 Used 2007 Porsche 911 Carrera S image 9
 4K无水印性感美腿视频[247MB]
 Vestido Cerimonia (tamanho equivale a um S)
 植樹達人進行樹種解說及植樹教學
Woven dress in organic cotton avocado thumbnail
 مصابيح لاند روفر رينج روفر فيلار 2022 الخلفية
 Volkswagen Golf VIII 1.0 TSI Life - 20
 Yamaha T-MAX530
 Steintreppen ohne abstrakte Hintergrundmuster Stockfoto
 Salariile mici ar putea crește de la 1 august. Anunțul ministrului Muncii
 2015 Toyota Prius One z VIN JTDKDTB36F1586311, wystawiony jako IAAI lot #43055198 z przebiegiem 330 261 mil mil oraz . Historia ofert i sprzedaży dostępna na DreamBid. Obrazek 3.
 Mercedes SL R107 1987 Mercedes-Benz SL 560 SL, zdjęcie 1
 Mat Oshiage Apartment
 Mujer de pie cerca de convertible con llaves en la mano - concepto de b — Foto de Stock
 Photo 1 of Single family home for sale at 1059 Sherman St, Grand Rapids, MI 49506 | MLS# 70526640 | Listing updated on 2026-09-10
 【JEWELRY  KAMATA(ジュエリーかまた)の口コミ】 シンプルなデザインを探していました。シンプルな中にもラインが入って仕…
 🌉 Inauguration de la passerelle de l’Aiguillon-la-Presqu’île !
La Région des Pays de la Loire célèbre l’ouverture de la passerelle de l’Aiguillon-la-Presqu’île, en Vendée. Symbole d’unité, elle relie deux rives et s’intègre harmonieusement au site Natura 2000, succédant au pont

Exercise description:
Read through the entries above, and wherever a line holds the string "passerelle", copy it.

Solved exercise:
 🌉 Inauguration de la passerelle de l’Aiguillon-la-Presqu’île !
La Région des Pays de la Loire célèbre l’ouverture de la passerelle de l’Aiguillon-la-Presqu’île, en Vendée. Symbole d’unité, elle relie deux rives et s’intègre harmonieusement au site Natura 2000, succédant au pont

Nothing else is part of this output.